Ideas to Curb Surprise Medical Bills Percolate with Rare Bipartisan Push - arkades
https://www.healthleadersmedia.com/finance/ideas-curb-surprise-medical-bills-percolate-rare-bipartisan-push
======
arkades
I'd be really happy to see surprise billing come to an end. I'm not sure
there's a good of way doing it, though. There's a fundamental tension:

(1) People often need care quicker than their financial and insurance
situation can be established. Insurance companies love to deny claims
_retroactively_ , which by definition won't hit people until well after
necessary care has been provided. Requiring pre-authorization for _everything_
from insurers is a huge problem, in terms of time, illegitimate denials, and
the amount of overhead it creates for providers (having to hire staff just to
sit on the phone with insurers all day.)

(2) This creates an incentive to provide minimal care to folks. If the
provider or hospital is left entirely on the hook for eating the cost of a
denied claim, and can't ethically deny care, the result is going to be pretty
much everyone getting the same care that homeless folks coming in off the
street get: absolute minimum care necessary to stabilize, then get out. Go
spend a week sorting out your pre-authorizations, and then come back. This is
the effect you'd get from the Cassidy bill, Hassan, or Doggett.
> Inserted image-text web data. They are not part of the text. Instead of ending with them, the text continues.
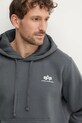Кофта Alpha Industries Basic Hoody Small Logo серый 196318.136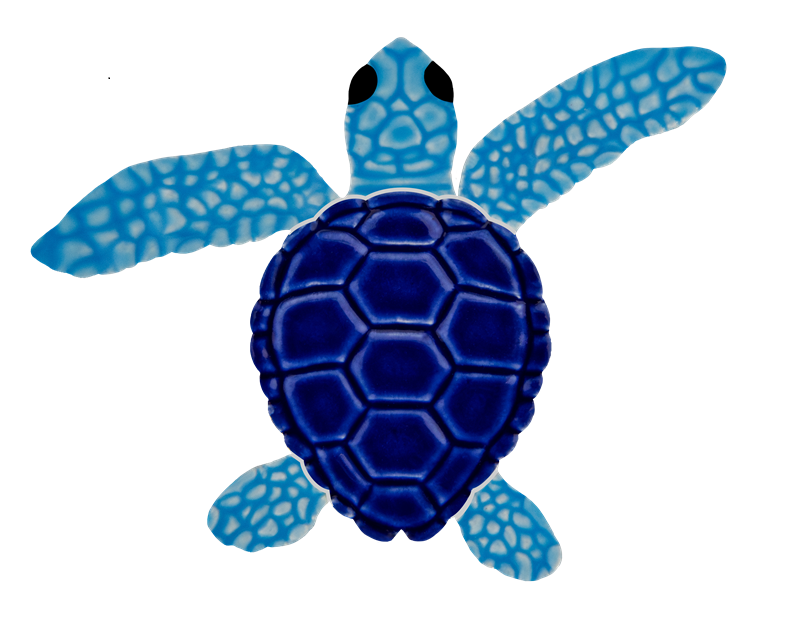 4in Loggerhead Turtle A Mini Blue
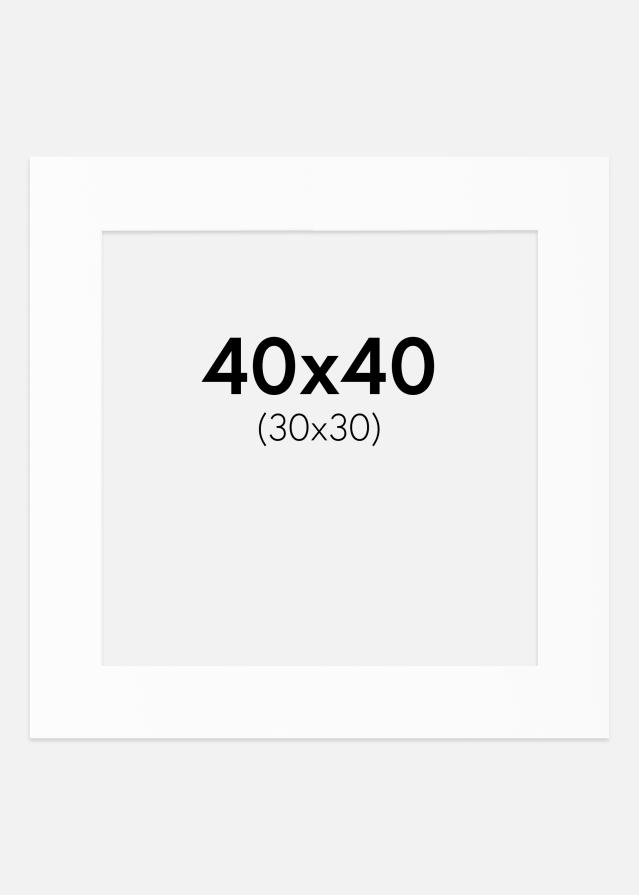 Paspartȗ Beli Standard (Belo Jedro) 40x40 cm (30x30)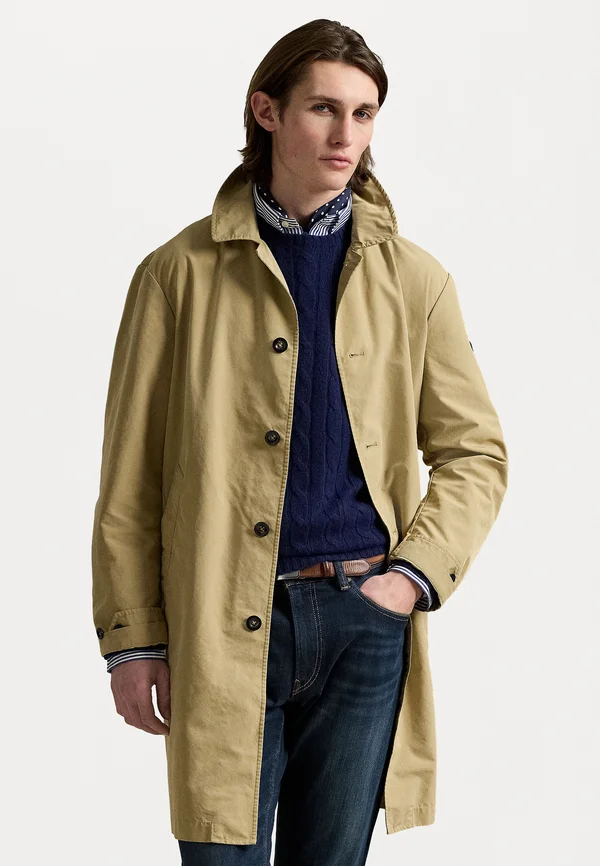 TWILL CAR COAT - Klassischer Mantel - khaki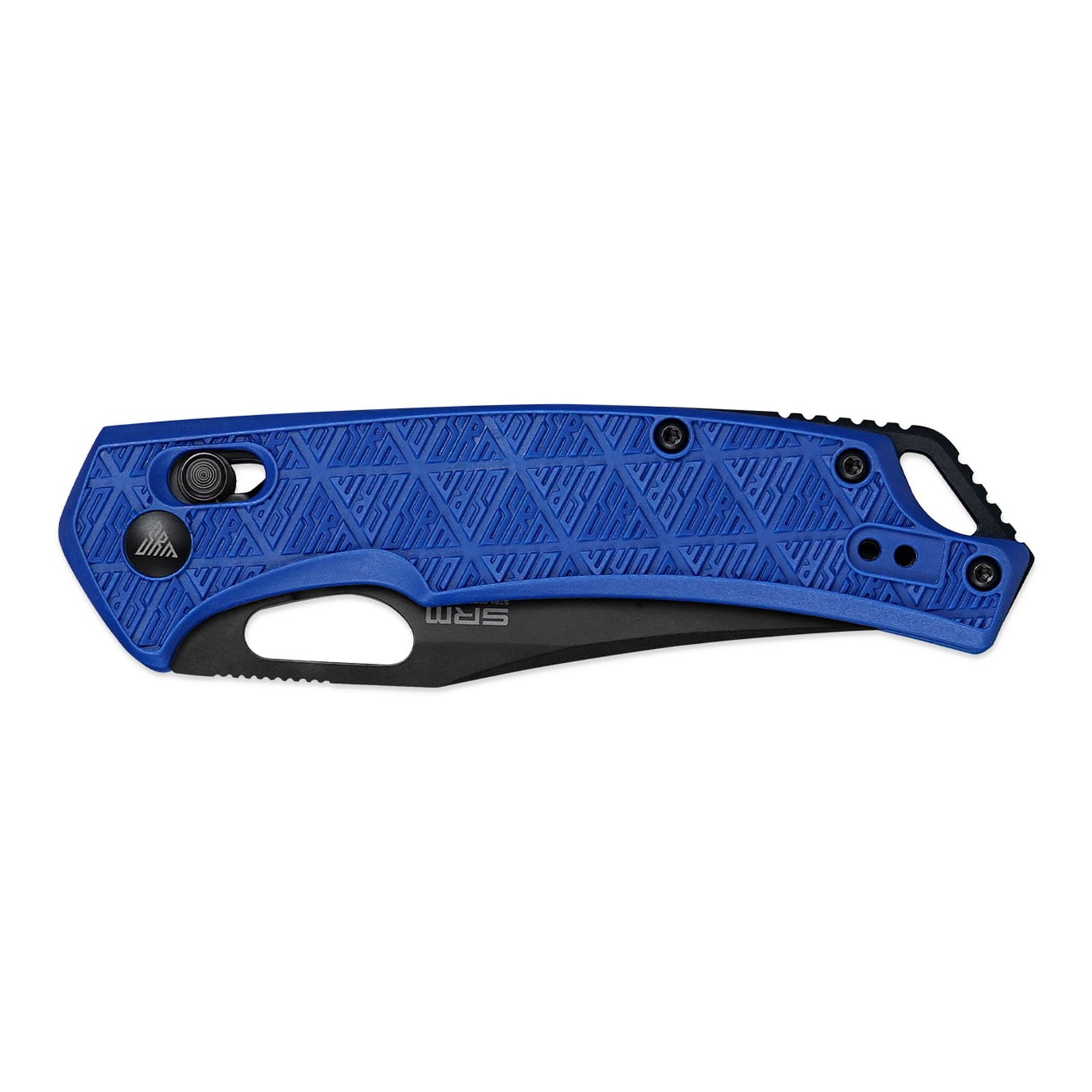 Side view of SRM Retriever 9201-PL folding hunting knife handle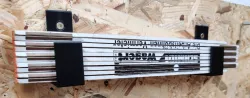 Folding ruler holder with 3mm hole / Meterstab (Zollstock) Halter mit 3mm Loch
(3) This creates a serious amount of leverage for insurers. Right now, part of
what keeps insurers at least somewhat in check is that providers refusing to
participate in their networks requires insurers to negotiate reimbursement
rates to attract physicians, in order to attract patients. Patients won't go
to out-of-network providers due to the expense. In this instance, the insurer
can cut back on the number of providers in their network. Patients will avoid
out of network care as long as they can, eventually present in an emergency,
and score in-network prices anyway - which means the insurer gets to pay for
fewer visits at reduced costs, while being able to negotiate reduced
reimbursement rates all around.

Every single one of these proposals basically says "if anything happens, the
provider eats it." There's not a single mechanism included to share the "eats
it" with the insurer, or to prevent insurer abuse. This creates a major
incentive for insurers to game the system to shift their costs to providers,
by aggressively denying even more claims, knowing that there won't be any
consumer backlash for it.

Part of this has to do with trying to protect emergency coverage. I think the
ACA already covered this reasonably well, and it's just a clause that needs to
be vigorously defended: __all emergency room care is in-network, period __.
But this was laid at the feet of insurers. I 'm somehow less than shocked that
the new round of bills seeks to shift the entire burden, emergency or not,
from insurers to providers... despite the fact that the "surprise" component
of surprise billing is almost entirely a function of insurer behavior.